The first phase of this project has now concluded successfully, demonstrating significant improvements over the previous generation of dielectric stacks. The new stack, based on zirconium oxide, will be integrated into future generations of CNF-MIM capacitors. The prior stack, made from hafnium oxide, was utilized in the Gen Zero capacitors.
”The newly developed dielectric stack is a blend of two oxides: a high-k oxide to boost capacitance density, and an oxide that serves as a barrier against charge movement, thus minimizing current leakage”, explains Farzan Ghavanini, CTO at Smoltek.
During the first phase, Smoltek Semi focused on parallel plate capacitors, depositing the dielectric stack on flat surfaces between two parallel electrodes. Performance measurements were carried out at the wafer level and after the devices were transferred and mounted onto PCBs. The results revealed an extraordinary 230% improvement in capacitance density compared to the Gen Zero dielectric stack, while another critical performance metric, leakage current, showed a 50% reduction.
”The results have been outstanding, both in terms of performance metrics and reproducibility.
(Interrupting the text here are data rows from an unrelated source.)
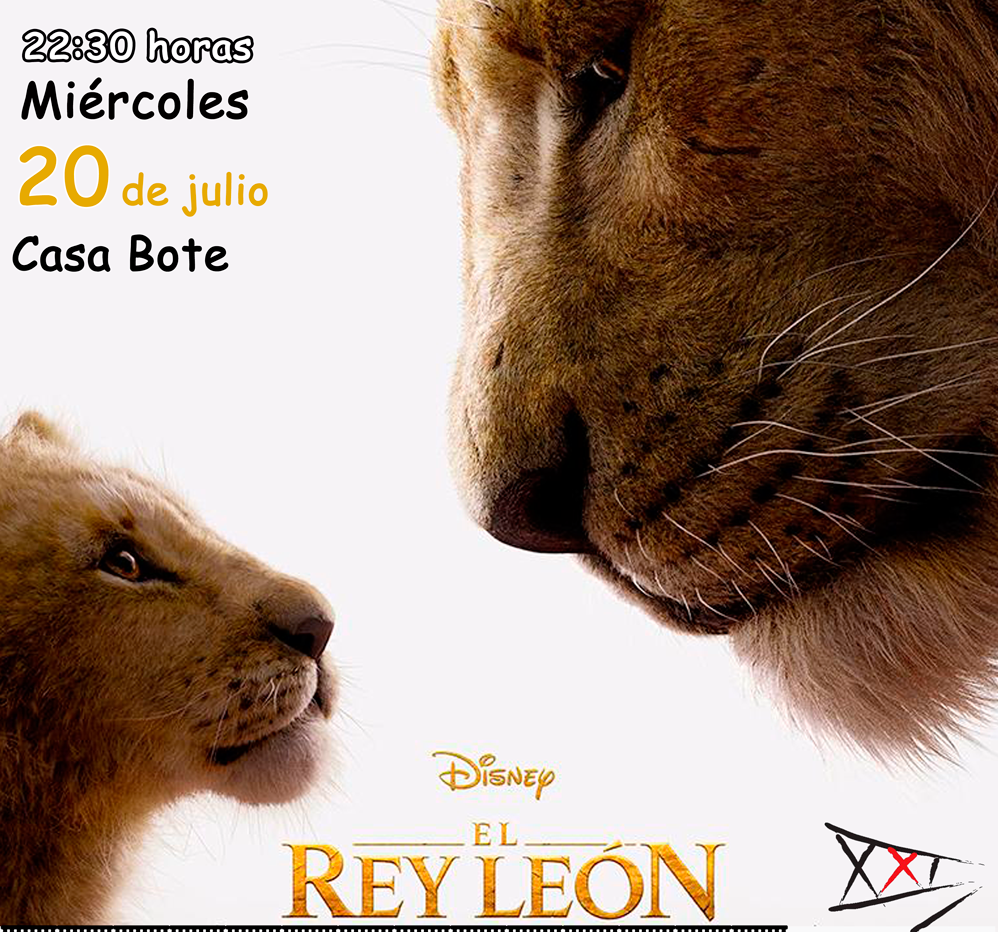 cartel-impresión-El-rey-león--20-07-22-bis2portal
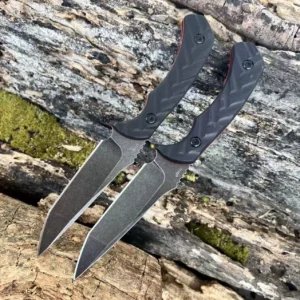 Camping Hunting Knives for Wholesale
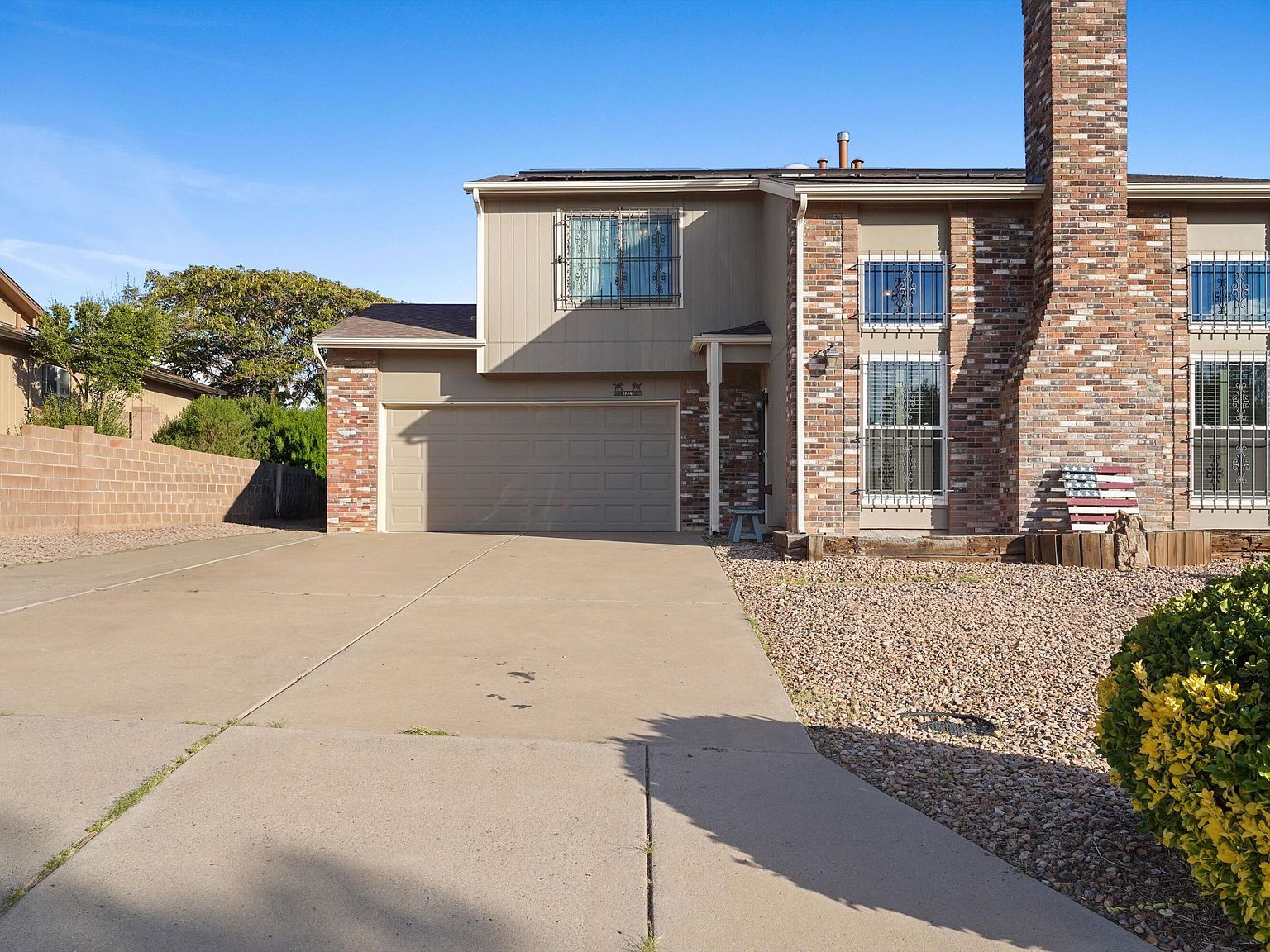 1964 Roanoke Dr NE Rio Rancho, NM 87144 - Thumbnail 2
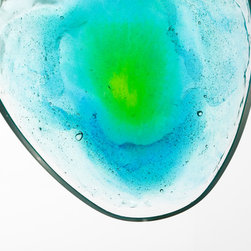 Sea Drop manufactured by Real F&aacute;brica de Cristales de La Granja - Productos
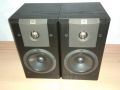 Двулентови тонколони JBL LX2001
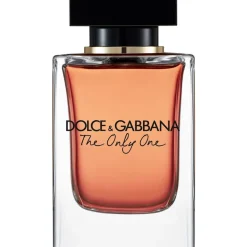 Luxe Damesparfum|Italiaans Parfum^Dolce&Gabbana Eau de Parfum Spray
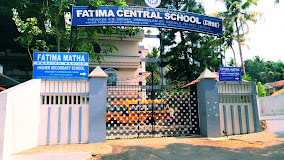 fathima central school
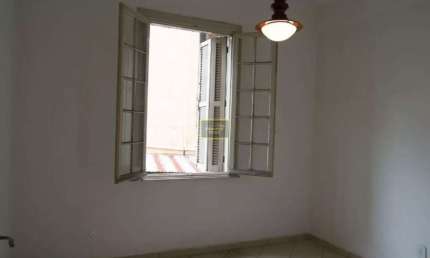 Apartamento Com 2 Dormitórios Para Venda No Centro de São Paulo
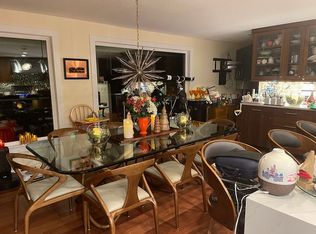 4308 E Bay Dr NW, Gig Harbor, WA 98335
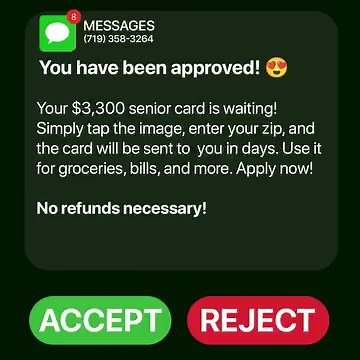 4 comments |  Breaking News! �Many people born in 1960 - 2025 are...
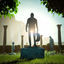 Cover Avalon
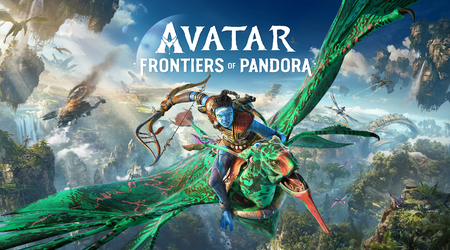 Recension av Avatar: Pandoras gränser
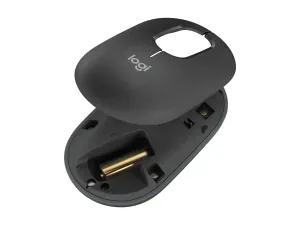 Logitech POP - miniature 2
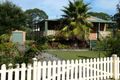 Property photo of 84 Lake Conjola Entrance Road Lake Conjola NSW 2539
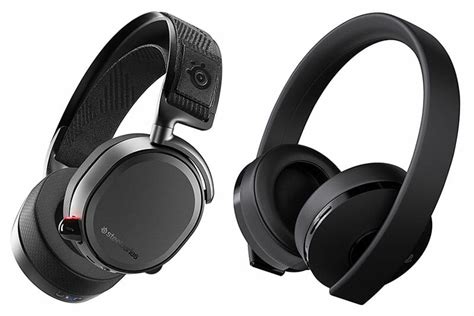 8 Best PS4 Wireless Headsets 2020 – Read This Before Buying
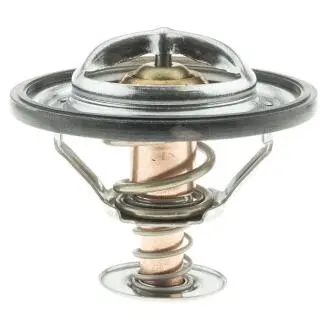 Термостат MOTORAD 301-77K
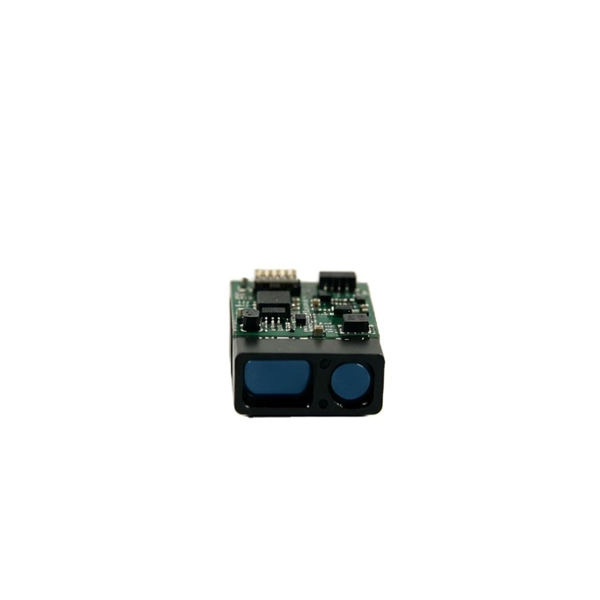 How much does an ONU optical network unit SFP cost 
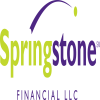 Springstone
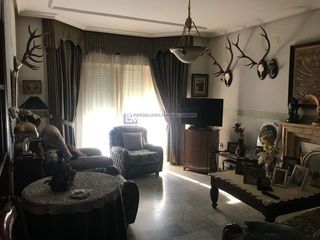 Chalet en venta en Ruta de la Plata en Cáceres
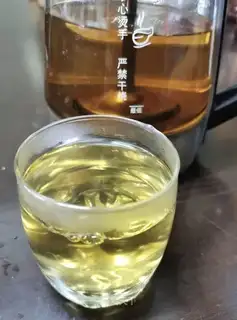 Tea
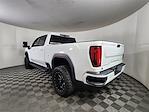 2020 GMC Sierra 2500 Crew Cab 4WD Pickup for sale #AR45773 - photo 26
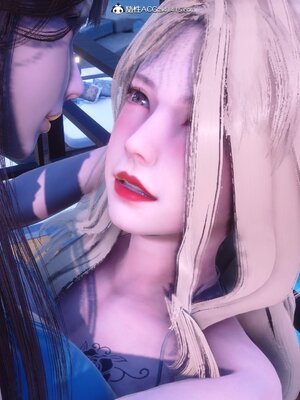 [3D]秘密01-48+番外01-03_020710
I’m particularly excited about the exceptional reproducibility achieved during the first phase, where we reached a fabrication yield of 100%”, Farzan adds.
The devices mounted on PCBs have now been sent to Yageo who is supporting Smoltek with reliability testing and further characterization.
The second phase of the project, which began after the summer, will focus on depositing the new dielectric stack onto Smoltek’s carbon nanofibers, aiming to demonstrate that the improvements can be fully utilized in a CNF-MIM structure.